This project predicts the purchase of a bank product using Naive Bayes based on 15 features of 4520 customer records. Some of these features are categorical and rest of them are numerical. The classification goal is to predict if the client will subscribe (yes/no) a term deposit (variable target).
The Dataset consists of 4521 individual customer records with 15 different features each. 7 of the features are continious feature and rest of them are numerical. The dataset can be downloaded here: https://drive.google.com/file/d/14B93Y0wfHHkH4B1V5l_JdgCEnnPEiuXt/view?usp=sharing
Source: https://archive.ics.uci.edu/ml/datasets/bank+marketing
The problem being a binary classification problem I use a naive bayes algorithm which requires the dataset to be divided into two parts. Subset for the 'Yes' class and Subset for the 'No' class. Then featurewise likelihoods are estimated (Gaussian Distribution for Continious features and counting for categorical features.)

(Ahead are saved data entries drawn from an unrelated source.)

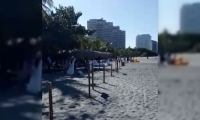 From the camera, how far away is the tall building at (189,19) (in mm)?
730

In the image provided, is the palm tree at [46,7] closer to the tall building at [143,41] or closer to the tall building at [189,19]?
the tall building at [143,41]

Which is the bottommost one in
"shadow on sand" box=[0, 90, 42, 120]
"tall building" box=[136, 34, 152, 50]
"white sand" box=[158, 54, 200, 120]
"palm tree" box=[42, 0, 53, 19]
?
"shadow on sand" box=[0, 90, 42, 120]

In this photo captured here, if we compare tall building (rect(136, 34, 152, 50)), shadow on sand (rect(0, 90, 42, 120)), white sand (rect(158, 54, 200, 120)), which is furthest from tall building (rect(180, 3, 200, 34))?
shadow on sand (rect(0, 90, 42, 120))

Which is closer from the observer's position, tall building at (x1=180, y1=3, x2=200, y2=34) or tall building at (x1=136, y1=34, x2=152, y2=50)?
tall building at (x1=180, y1=3, x2=200, y2=34)

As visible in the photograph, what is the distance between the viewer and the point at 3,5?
4.33 ft

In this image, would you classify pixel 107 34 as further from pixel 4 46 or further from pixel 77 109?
pixel 4 46

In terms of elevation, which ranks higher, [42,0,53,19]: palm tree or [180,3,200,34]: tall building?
[42,0,53,19]: palm tree

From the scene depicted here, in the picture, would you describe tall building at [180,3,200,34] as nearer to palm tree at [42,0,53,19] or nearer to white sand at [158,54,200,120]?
white sand at [158,54,200,120]

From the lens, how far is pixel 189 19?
2.42 feet

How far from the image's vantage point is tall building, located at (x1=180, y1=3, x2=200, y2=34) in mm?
730

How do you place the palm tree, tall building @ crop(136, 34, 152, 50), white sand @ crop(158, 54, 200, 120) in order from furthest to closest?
the palm tree
tall building @ crop(136, 34, 152, 50)
white sand @ crop(158, 54, 200, 120)

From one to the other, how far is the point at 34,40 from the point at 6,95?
35cm

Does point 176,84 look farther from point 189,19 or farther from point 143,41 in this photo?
point 143,41

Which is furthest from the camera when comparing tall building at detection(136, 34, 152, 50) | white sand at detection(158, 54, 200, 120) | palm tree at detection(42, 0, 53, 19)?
palm tree at detection(42, 0, 53, 19) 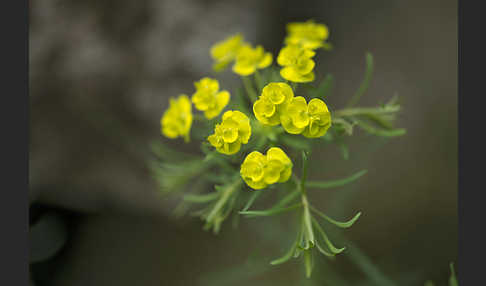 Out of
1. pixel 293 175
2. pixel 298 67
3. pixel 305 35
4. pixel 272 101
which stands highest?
pixel 305 35

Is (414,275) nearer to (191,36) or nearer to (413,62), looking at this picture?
(413,62)

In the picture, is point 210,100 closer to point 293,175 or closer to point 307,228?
point 293,175

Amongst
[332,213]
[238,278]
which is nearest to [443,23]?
[332,213]

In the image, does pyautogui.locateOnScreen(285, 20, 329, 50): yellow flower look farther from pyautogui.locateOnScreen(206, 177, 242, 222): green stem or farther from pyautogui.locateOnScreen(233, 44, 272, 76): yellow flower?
pyautogui.locateOnScreen(206, 177, 242, 222): green stem

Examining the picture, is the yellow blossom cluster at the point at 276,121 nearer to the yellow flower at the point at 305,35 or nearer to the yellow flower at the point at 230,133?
the yellow flower at the point at 230,133

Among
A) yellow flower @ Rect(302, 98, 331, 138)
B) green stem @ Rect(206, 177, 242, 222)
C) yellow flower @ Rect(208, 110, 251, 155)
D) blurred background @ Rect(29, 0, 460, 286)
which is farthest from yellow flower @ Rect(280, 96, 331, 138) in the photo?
blurred background @ Rect(29, 0, 460, 286)

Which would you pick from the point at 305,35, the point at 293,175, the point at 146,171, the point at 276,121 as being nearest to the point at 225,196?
the point at 293,175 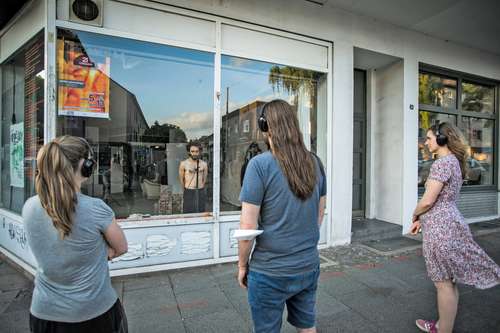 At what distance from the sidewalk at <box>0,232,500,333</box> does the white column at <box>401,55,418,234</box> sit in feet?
5.58

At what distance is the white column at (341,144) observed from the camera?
501 cm

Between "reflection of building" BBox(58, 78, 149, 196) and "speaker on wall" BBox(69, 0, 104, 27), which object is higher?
"speaker on wall" BBox(69, 0, 104, 27)

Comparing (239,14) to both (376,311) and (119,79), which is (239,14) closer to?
(119,79)

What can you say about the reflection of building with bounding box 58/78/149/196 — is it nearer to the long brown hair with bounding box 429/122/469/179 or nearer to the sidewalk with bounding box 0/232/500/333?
the sidewalk with bounding box 0/232/500/333

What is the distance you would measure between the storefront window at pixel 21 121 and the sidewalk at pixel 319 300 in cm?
119

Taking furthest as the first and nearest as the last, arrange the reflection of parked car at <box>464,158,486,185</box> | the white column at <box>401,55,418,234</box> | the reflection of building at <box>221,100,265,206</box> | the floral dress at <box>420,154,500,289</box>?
the reflection of parked car at <box>464,158,486,185</box> → the white column at <box>401,55,418,234</box> → the reflection of building at <box>221,100,265,206</box> → the floral dress at <box>420,154,500,289</box>

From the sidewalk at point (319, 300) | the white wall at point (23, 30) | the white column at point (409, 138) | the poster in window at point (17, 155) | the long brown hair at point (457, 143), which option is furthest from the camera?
the white column at point (409, 138)

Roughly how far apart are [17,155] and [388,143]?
259 inches

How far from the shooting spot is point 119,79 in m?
4.55

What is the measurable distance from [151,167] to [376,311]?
144 inches

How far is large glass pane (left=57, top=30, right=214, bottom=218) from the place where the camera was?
12.5 feet

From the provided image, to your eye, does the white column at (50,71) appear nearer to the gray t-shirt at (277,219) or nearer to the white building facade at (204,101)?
the white building facade at (204,101)

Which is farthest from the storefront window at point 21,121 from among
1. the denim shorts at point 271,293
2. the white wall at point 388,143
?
the white wall at point 388,143

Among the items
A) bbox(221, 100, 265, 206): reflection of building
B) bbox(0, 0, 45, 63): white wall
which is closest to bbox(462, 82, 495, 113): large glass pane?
bbox(221, 100, 265, 206): reflection of building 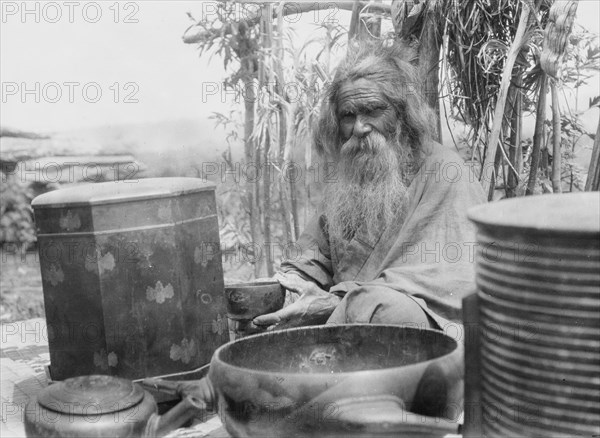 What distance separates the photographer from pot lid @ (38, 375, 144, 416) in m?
2.15

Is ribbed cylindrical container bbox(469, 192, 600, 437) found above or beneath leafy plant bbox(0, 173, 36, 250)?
above

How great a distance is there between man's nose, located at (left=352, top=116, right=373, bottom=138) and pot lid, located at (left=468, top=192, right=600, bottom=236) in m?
1.49

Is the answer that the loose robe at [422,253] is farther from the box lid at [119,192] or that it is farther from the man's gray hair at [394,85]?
the box lid at [119,192]

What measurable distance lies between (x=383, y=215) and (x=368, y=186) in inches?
6.8

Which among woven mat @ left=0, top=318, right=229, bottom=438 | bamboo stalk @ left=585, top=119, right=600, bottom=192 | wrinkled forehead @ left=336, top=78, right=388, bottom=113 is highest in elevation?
wrinkled forehead @ left=336, top=78, right=388, bottom=113

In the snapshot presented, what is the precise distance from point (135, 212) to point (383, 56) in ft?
4.90

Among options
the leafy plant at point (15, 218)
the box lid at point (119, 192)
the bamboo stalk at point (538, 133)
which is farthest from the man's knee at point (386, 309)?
A: the leafy plant at point (15, 218)

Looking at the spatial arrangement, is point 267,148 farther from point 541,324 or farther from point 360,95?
point 541,324

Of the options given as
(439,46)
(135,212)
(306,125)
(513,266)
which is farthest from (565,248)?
(306,125)

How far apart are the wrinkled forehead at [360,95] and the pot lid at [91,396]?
1786 millimetres

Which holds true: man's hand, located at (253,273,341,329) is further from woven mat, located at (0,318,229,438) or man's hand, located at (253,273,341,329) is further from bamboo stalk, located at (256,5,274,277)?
bamboo stalk, located at (256,5,274,277)

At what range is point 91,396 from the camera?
2174 millimetres

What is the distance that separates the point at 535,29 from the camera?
3.47 meters

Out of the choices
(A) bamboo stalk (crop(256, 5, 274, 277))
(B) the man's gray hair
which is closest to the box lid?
(B) the man's gray hair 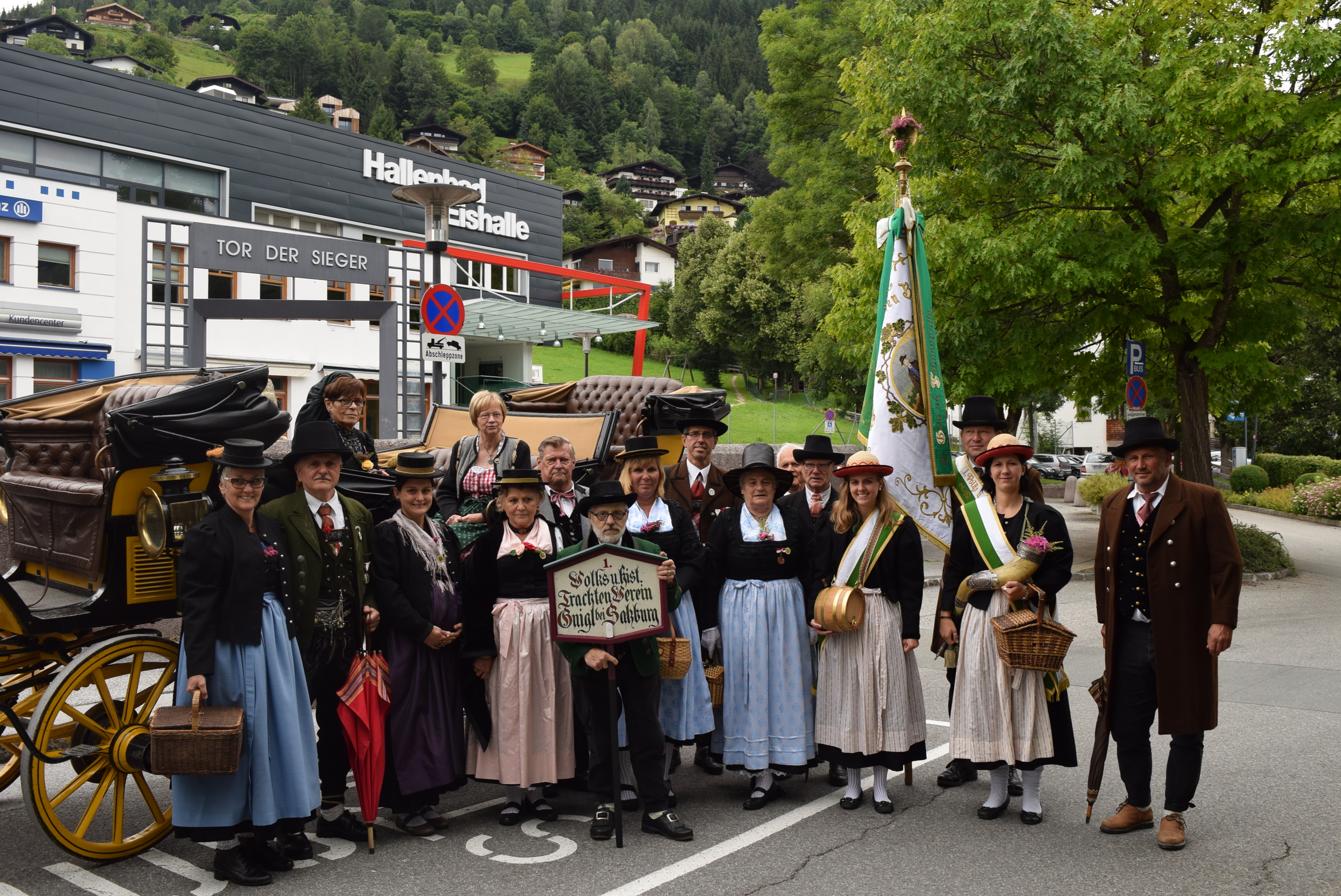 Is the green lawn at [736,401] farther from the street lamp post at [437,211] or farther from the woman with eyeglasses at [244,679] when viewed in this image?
the woman with eyeglasses at [244,679]

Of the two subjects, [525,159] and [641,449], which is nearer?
[641,449]

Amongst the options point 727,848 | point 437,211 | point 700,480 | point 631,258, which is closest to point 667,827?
point 727,848

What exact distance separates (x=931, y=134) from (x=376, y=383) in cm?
2115

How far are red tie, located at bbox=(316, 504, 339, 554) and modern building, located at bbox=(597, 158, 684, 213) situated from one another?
133425 millimetres

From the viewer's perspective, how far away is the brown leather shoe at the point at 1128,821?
510cm

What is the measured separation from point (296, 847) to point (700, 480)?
3337 mm

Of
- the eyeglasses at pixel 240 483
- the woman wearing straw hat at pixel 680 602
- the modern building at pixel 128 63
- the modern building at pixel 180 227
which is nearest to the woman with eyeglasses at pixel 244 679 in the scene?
the eyeglasses at pixel 240 483

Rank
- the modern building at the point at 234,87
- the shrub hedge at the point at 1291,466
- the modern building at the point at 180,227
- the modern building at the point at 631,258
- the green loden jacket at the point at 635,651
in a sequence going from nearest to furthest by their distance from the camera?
the green loden jacket at the point at 635,651 → the modern building at the point at 180,227 → the shrub hedge at the point at 1291,466 → the modern building at the point at 631,258 → the modern building at the point at 234,87

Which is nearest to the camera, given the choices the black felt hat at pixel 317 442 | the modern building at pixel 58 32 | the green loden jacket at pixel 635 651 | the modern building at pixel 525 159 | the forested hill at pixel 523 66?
the black felt hat at pixel 317 442

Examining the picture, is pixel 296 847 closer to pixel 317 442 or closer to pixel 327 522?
pixel 327 522

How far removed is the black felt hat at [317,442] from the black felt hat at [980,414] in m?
3.45

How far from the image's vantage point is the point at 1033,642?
5168 millimetres

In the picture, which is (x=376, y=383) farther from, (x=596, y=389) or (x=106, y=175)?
(x=596, y=389)

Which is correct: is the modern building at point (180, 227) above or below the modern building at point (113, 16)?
below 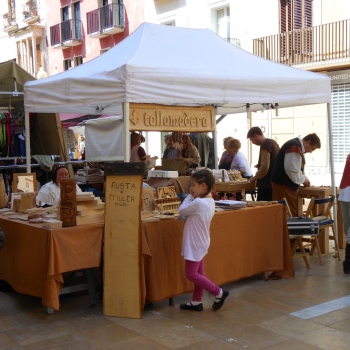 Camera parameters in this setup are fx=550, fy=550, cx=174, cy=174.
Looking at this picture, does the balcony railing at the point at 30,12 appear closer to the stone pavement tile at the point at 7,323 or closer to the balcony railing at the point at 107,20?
the balcony railing at the point at 107,20

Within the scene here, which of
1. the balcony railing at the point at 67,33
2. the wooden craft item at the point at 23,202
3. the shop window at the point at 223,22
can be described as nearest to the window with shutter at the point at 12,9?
the balcony railing at the point at 67,33

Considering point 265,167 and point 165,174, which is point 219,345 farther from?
point 265,167

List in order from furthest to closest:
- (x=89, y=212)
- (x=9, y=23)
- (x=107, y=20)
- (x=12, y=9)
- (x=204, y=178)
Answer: (x=12, y=9)
(x=9, y=23)
(x=107, y=20)
(x=89, y=212)
(x=204, y=178)

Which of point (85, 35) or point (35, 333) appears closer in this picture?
point (35, 333)

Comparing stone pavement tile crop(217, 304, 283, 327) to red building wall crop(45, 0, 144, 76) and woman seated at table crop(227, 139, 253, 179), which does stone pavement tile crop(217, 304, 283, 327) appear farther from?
red building wall crop(45, 0, 144, 76)

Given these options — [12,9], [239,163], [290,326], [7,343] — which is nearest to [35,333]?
[7,343]

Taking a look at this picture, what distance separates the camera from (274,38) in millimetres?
17953

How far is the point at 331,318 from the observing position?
15.1 feet

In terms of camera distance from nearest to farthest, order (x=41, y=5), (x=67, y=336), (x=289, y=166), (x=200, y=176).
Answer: (x=67, y=336)
(x=200, y=176)
(x=289, y=166)
(x=41, y=5)

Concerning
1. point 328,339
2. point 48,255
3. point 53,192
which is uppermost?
point 53,192

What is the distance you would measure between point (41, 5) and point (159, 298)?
27434 millimetres

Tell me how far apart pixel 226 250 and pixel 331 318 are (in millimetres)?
1197

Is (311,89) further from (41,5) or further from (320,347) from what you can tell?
(41,5)

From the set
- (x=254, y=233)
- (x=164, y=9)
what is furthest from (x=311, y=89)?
(x=164, y=9) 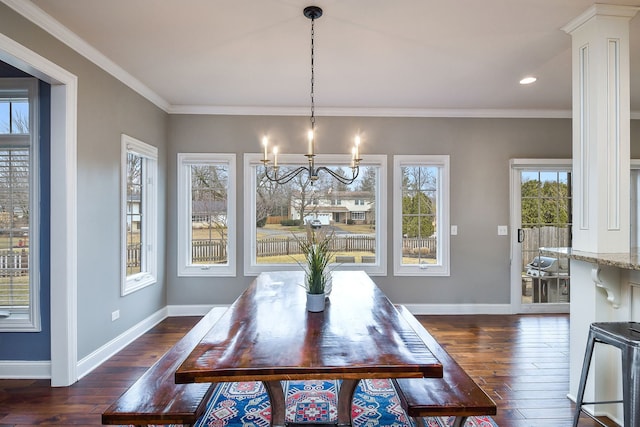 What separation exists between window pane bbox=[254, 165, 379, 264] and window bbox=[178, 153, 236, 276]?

- Naive Bayes Algorithm is wriiten with Hadoop MapReduce
- Big Data file handling using HiveQL
- The Project assumes the dataset to be of Very Large size, so this approach can be equally used for any other big datasets (Petabytes)
- The Performance tweaking by dropping features is very easy and can be achieved by a very nominal change in the Probability_Compute_Mapper.
- One can easily change the Gaussian Distribution to any other distribution (e.g - Chi Square) by changing the code of Gauusian.java to explore more improvements.
The Dataset is not sufficiently large to capture a very general domain distribution hence Data Augmentation is required to generate more data on the domain to achieve better performance.